-------- EXTRACTED INFORMATION --------

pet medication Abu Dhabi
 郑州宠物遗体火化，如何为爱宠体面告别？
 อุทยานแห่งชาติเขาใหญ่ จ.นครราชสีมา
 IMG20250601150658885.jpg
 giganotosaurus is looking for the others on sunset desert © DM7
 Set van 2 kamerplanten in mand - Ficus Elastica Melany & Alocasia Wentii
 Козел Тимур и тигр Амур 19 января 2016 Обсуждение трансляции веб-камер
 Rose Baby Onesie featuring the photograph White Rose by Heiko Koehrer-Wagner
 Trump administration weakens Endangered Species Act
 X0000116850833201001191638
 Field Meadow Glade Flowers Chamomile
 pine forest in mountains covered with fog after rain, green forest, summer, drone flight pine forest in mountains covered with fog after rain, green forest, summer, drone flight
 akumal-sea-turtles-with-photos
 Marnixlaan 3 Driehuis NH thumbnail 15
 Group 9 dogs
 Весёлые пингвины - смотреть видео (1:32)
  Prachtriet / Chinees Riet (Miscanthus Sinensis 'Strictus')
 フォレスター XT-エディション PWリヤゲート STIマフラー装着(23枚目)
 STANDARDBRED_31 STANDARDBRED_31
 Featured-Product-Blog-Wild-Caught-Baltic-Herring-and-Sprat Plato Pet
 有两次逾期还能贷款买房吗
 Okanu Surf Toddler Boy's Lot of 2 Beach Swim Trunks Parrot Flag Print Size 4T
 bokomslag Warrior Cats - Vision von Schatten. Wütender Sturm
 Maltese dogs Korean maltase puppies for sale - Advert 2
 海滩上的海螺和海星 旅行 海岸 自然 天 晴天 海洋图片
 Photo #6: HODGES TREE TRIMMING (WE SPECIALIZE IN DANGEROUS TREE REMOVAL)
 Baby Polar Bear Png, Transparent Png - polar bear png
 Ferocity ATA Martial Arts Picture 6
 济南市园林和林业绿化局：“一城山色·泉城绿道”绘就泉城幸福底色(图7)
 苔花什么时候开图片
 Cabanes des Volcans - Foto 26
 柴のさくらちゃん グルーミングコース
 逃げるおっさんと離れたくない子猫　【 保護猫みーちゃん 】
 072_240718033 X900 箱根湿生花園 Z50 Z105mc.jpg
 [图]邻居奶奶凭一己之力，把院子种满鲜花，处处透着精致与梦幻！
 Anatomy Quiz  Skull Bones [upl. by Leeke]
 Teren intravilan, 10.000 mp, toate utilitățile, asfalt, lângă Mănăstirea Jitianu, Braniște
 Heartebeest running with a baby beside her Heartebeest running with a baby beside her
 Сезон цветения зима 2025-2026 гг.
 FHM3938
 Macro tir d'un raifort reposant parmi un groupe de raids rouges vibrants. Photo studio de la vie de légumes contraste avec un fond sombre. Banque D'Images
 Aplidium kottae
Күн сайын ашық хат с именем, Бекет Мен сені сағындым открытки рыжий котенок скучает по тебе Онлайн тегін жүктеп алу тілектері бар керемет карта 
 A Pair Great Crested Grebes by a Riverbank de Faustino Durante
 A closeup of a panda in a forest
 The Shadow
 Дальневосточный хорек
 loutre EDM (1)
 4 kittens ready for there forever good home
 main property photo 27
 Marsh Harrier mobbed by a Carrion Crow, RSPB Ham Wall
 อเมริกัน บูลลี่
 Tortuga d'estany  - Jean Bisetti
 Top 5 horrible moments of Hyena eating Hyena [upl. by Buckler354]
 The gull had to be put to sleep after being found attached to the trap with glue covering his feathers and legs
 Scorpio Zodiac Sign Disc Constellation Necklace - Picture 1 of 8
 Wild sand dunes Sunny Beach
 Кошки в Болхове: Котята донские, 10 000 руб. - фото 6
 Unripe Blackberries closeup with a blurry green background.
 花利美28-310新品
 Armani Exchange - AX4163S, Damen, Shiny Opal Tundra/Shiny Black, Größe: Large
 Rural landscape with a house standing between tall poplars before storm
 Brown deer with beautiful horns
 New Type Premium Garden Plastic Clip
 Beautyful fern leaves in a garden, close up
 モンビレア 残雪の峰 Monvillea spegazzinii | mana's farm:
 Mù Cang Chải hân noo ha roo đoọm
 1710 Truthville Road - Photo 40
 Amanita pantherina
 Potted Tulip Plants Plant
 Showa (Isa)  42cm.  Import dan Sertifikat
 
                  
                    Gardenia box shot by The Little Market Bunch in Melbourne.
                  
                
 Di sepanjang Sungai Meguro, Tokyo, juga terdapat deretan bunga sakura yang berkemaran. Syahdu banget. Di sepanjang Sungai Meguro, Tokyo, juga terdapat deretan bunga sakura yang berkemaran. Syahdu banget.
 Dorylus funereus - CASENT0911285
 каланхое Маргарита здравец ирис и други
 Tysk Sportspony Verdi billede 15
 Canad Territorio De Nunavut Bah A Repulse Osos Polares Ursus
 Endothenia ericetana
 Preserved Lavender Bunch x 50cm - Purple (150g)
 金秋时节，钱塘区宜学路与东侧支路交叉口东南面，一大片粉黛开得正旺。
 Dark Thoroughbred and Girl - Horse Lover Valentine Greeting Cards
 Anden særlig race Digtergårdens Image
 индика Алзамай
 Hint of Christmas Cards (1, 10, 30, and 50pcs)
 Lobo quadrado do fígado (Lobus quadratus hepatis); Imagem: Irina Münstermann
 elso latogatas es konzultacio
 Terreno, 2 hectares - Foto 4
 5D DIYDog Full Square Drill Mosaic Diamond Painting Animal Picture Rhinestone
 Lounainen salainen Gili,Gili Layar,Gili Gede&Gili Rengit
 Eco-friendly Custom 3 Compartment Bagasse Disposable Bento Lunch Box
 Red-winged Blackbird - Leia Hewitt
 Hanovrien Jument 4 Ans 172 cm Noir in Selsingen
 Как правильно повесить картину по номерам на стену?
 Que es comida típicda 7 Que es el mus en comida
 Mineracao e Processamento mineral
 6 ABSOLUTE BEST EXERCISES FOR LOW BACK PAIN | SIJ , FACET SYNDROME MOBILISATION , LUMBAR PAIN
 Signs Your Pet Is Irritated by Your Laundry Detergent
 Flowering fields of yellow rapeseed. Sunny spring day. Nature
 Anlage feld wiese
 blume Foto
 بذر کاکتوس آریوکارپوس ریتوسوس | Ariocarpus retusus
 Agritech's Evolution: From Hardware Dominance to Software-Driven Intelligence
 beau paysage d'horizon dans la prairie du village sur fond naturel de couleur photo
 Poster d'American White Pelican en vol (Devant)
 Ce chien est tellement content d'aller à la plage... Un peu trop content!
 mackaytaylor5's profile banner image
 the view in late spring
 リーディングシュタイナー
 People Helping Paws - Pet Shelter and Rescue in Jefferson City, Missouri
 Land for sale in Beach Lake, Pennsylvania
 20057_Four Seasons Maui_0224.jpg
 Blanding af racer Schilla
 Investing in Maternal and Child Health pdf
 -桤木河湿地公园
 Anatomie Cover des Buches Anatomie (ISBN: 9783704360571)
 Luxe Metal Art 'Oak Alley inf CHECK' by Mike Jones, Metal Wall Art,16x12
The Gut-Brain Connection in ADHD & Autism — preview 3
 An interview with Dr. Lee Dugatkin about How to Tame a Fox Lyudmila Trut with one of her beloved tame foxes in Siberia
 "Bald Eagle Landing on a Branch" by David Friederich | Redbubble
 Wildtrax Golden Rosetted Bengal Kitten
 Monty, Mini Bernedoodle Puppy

--------

**REQUIREMENT:** The records need to be copied exactly, with no line left out.

**ANSWER TO THIS TASK:**
pet medication Abu Dhabi
 郑州宠物遗体火化，如何为爱宠体面告别？
 อุทยานแห่งชาติเขาใหญ่ จ.นครราชสีมา
 IMG20250601150658885.jpg
 giganotosaurus is looking for the others on sunset desert © DM7
 Set van 2 kamerplanten in mand - Ficus Elastica Melany & Alocasia Wentii
 Козел Тимур и тигр Амур 19 января 2016 Обсуждение трансляции веб-камер
 Rose Baby Onesie featuring the photograph White Rose by Heiko Koehrer-Wagner
 Trump administration weakens Endangered Species Act
 X0000116850833201001191638
 Field Meadow Glade Flowers Chamomile
 pine forest in mountains covered with fog after rain, green forest, summer, drone flight pine forest in mountains covered with fog after rain, green forest, summer, drone flight
 akumal-sea-turtles-with-photos
 Marnixlaan 3 Driehuis NH thumbnail 15
 Group 9 dogs
 Весёлые пингвины - смотреть видео (1:32)
  Prachtriet / Chinees Riet (Miscanthus Sinensis 'Strictus')
 フォレスター XT-エディション PWリヤゲート STIマフラー装着(23枚目)
 STANDARDBRED_31 STANDARDBRED_31
 Featured-Product-Blog-Wild-Caught-Baltic-Herring-and-Sprat Plato Pet
 有两次逾期还能贷款买房吗
 Okanu Surf Toddler Boy's Lot of 2 Beach Swim Trunks Parrot Flag Print Size 4T
 bokomslag Warrior Cats - Vision von Schatten. Wütender Sturm
 Maltese dogs Korean maltase puppies for sale - Advert 2
 海滩上的海螺和海星 旅行 海岸 自然 天 晴天 海洋图片
 Photo #6: HODGES TREE TRIMMING (WE SPECIALIZE IN DANGEROUS TREE REMOVAL)
 Baby Polar Bear Png, Transparent Png - polar bear png
 Ferocity ATA Martial Arts Picture 6
 济南市园林和林业绿化局：“一城山色·泉城绿道”绘就泉城幸福底色(图7)
 苔花什么时候开图片
 Cabanes des Volcans - Foto 26
 柴のさくらちゃん グルーミングコース
 逃げるおっさんと離れたくない子猫　【 保護猫みーちゃん 】
 072_240718033 X900 箱根湿生花園 Z50 Z105mc.jpg
 [图]邻居奶奶凭一己之力，把院子种满鲜花，处处透着精致与梦幻！
 Anatomy Quiz  Skull Bones [upl. by Leeke]
 Teren intravilan, 10.000 mp, toate utilitățile, asfalt, lângă Mănăstirea Jitianu, Braniște
 Heartebeest running with a baby beside her Heartebeest running with a baby beside her
 Сезон цветения зима 2025-2026 гг.
 FHM3938
 Macro tir d'un raifort reposant parmi un groupe de raids rouges vibrants. Photo studio de la vie de légumes contraste avec un fond sombre. Banque D'Images
 Aplidium kottae
Күн сайын ашық хат с именем, Бекет Мен сені сағындым открытки рыжий котенок скучает по тебе Онлайн тегін жүктеп алу тілектері бар керемет карта 
 A Pair Great Crested Grebes by a Riverbank de Faustino Durante
 A closeup of a panda in a forest
 The Shadow
 Дальневосточный хорек
 loutre EDM (1)
 4 kittens ready for there forever good home
 main property photo 27
 Marsh Harrier mobbed by a Carrion Crow, RSPB Ham Wall
 อเมริกัน บูลลี่
 Tortuga d'estany  - Jean Bisetti
 Top 5 horrible moments of Hyena eating Hyena [upl. by Buckler354]
 The gull had to be put to sleep after being found attached to the trap with glue covering his feathers and legs
 Scorpio Zodiac Sign Disc Constellation Necklace - Picture 1 of 8
 Wild sand dunes Sunny Beach
 Кошки в Болхове: Котята донские, 10 000 руб. - фото 6
 Unripe Blackberries closeup with a blurry green background.
 花利美28-310新品
 Armani Exchange - AX4163S, Damen, Shiny Opal Tundra/Shiny Black, Größe: Large
 Rural landscape with a house standing between tall poplars before storm
 Brown deer with beautiful horns
 New Type Premium Garden Plastic Clip
 Beautyful fern leaves in a garden, close up
 モンビレア 残雪の峰 Monvillea spegazzinii | mana's farm:
 Mù Cang Chải hân noo ha roo đoọm
 1710 Truthville Road - Photo 40
 Amanita pantherina
 Potted Tulip Plants Plant
 Showa (Isa)  42cm.  Import dan Sertifikat
 
                  
                    Gardenia box shot by The Little Market Bunch in Melbourne.
                  
                
 Di sepanjang Sungai Meguro, Tokyo, juga terdapat deretan bunga sakura yang berkemaran. Syahdu banget. Di sepanjang Sungai Meguro, Tokyo, juga terdapat deretan bunga sakura yang berkemaran. Syahdu banget.
 Dorylus funereus - CASENT0911285
 каланхое Маргарита здравец ирис и други
 Tysk Sportspony Verdi billede 15
 Canad Territorio De Nunavut Bah A Repulse Osos Polares Ursus
 Endothenia ericetana
 Preserved Lavender Bunch x 50cm - Purple (150g)
 金秋时节，钱塘区宜学路与东侧支路交叉口东南面，一大片粉黛开得正旺。
 Dark Thoroughbred and Girl - Horse Lover Valentine Greeting Cards
 Anden særlig race Digtergårdens Image
 индика Алзамай
 Hint of Christmas Cards (1, 10, 30, and 50pcs)
 Lobo quadrado do fígado (Lobus quadratus hepatis); Imagem: Irina Münstermann
 elso latogatas es konzultacio
 Terreno, 2 hectares - Foto 4
 5D DIYDog Full Square Drill Mosaic Diamond Painting Animal Picture Rhinestone
 Lounainen salainen Gili,Gili Layar,Gili Gede&Gili Rengit
 Eco-friendly Custom 3 Compartment Bagasse Disposable Bento Lunch Box
 Red-winged Blackbird - Leia Hewitt
 Hanovrien Jument 4 Ans 172 cm Noir in Selsingen
 Как правильно повесить картину по номерам на стену?
 Que es comida típicda 7 Que es el mus en comida
 Mineracao e Processamento mineral
 6 ABSOLUTE BEST EXERCISES FOR LOW BACK PAIN | SIJ , FACET SYNDROME MOBILISATION , LUMBAR PAIN
 Signs Your Pet Is Irritated by Your Laundry Detergent
 Flowering fields of yellow rapeseed. Sunny spring day. Nature
 Anlage feld wiese
 blume Foto
 بذر کاکتوس آریوکارپوس ریتوسوس | Ariocarpus retusus
 Agritech's Evolution: From Hardware Dominance to Software-Driven Intelligence
 beau paysage d'horizon dans la prairie du village sur fond naturel de couleur photo
 Poster d'American White Pelican en vol (Devant)
 Ce chien est tellement content d'aller à la plage... Un peu trop content!
 mackaytaylor5's profile banner image
 the view in late spring
 リーディングシュタイナー
 People Helping Paws - Pet Shelter and Rescue in Jefferson City, Missouri
 Land for sale in Beach Lake, Pennsylvania
 20057_Four Seasons Maui_0224.jpg
 Blanding af racer Schilla
 Investing in Maternal and Child Health pdf
 -桤木河湿地公园
 Anatomie Cover des Buches Anatomie (ISBN: 9783704360571)
 Luxe Metal Art 'Oak Alley inf CHECK' by Mike Jones, Metal Wall Art,16x12
The Gut-Brain Connection in ADHD & Autism — preview 3
 An interview with Dr. Lee Dugatkin about How to Tame a Fox Lyudmila Trut with one of her beloved tame foxes in Siberia
 "Bald Eagle Landing on a Branch" by David Friederich | Redbubble
 Wildtrax Golden Rosetted Bengal Kitten
 Monty, Mini Bernedoodle Puppy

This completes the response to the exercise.